• Task objective
Where the entries below show "Louis Table Lamp", begin there and print that line and all following lines exactly, through the last, omitting pictures.

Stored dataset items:
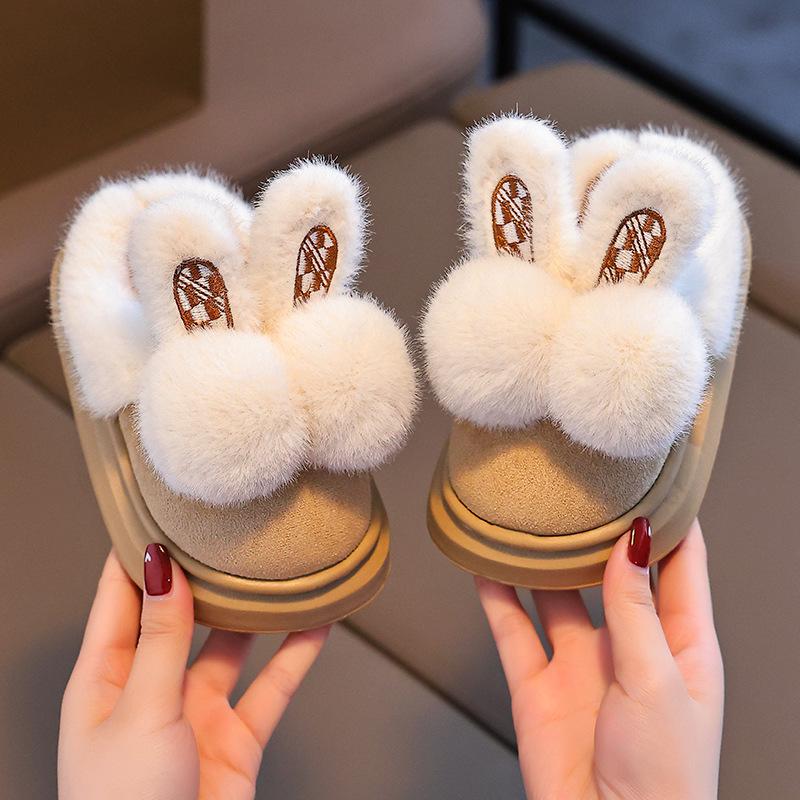 2024 Year of the Horse Girls' Heeled & Cotton Winter Shoes: Non-slip Plush Indoor Warmth for Kids.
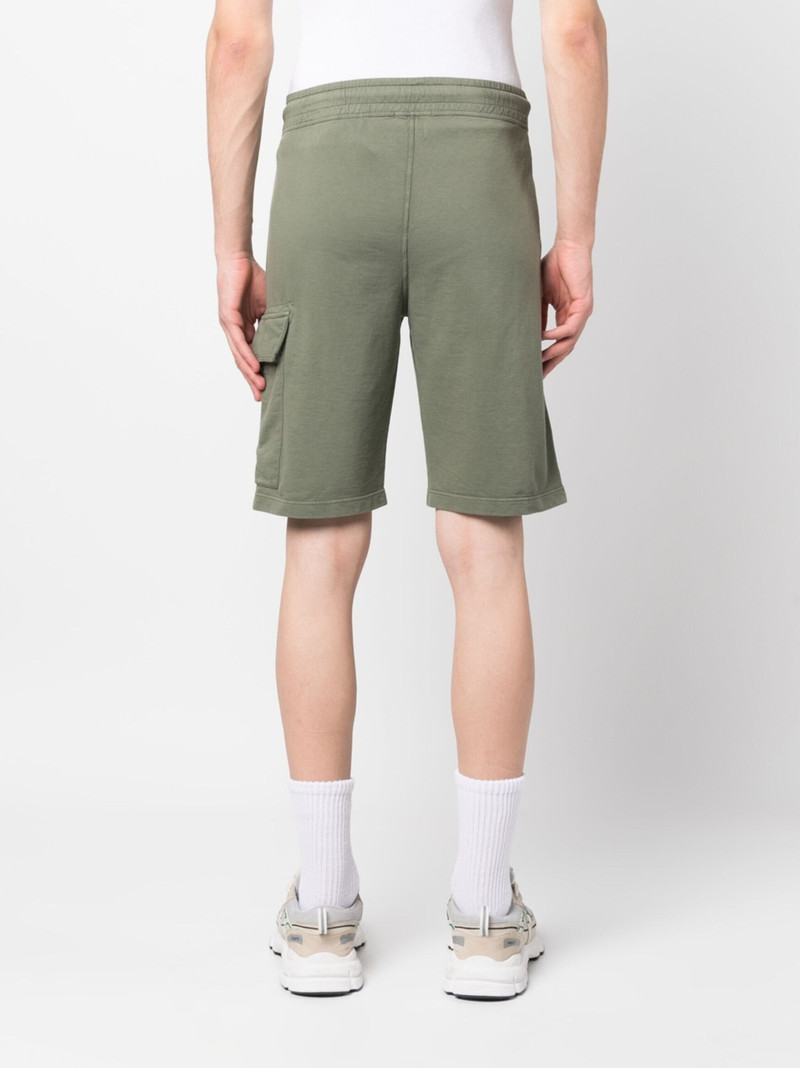 Lens-detail cargo shorts 4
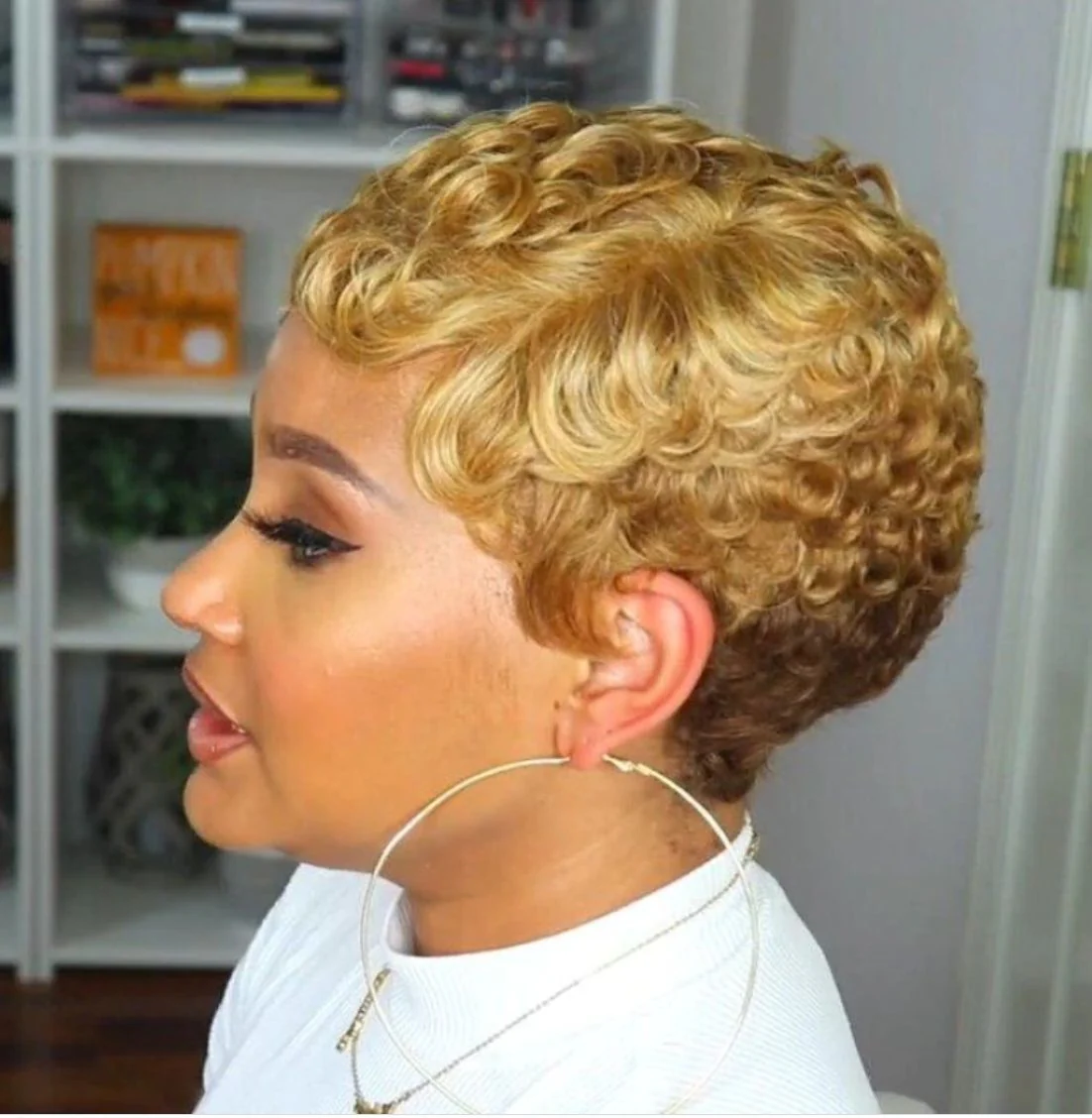 Short Hair Hand Wrapped Chemical Fiber Wig - Image 3
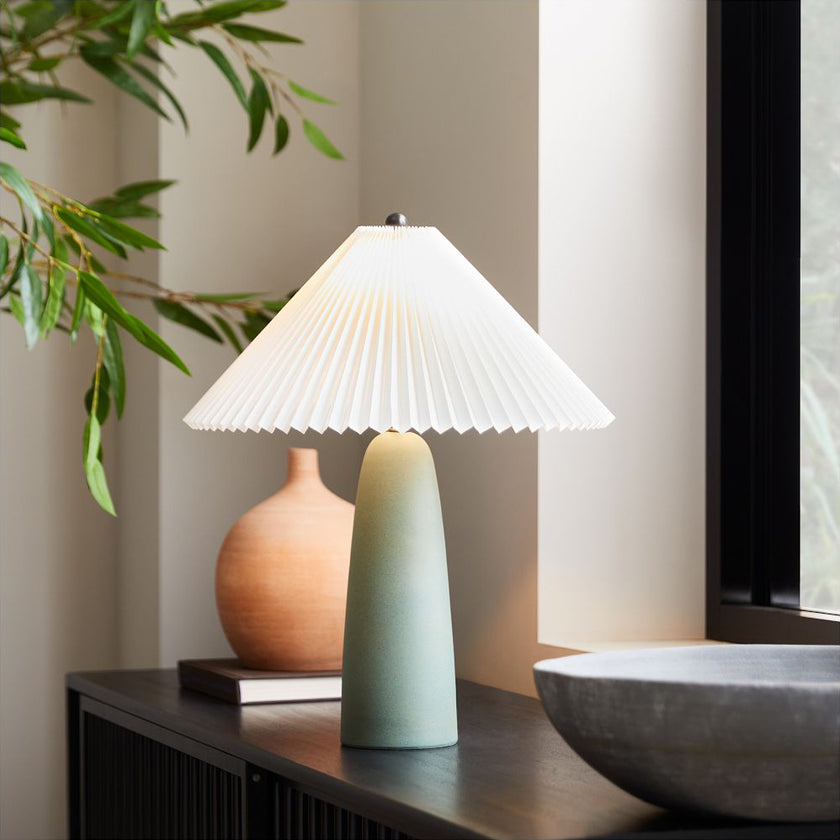 Louis Table Lamp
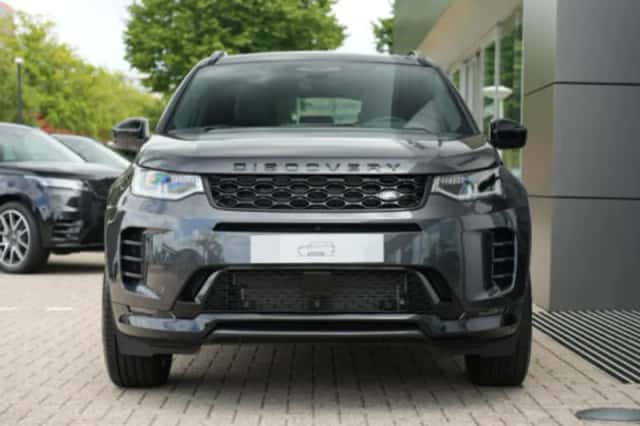 Land Rover Discovery Sport (2026) thumbnail 3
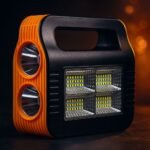 ⁦Kit Panneau Solaire portable avec Torche LED Rechargeable et 2 Lampes – طقم مصباح يعمل بالطاقة الشمسية⁩ - الصورة ⁦4⁩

• Answer below
 Louis Table Lamp
 Land Rover Discovery Sport (2026) thumbnail 3
 ⁦Kit Panneau Solaire portable avec Torche LED Rechargeable et 2 Lampes – طقم مصباح يعمل بالطاقة الشمسية⁩ - الصورة ⁦4⁩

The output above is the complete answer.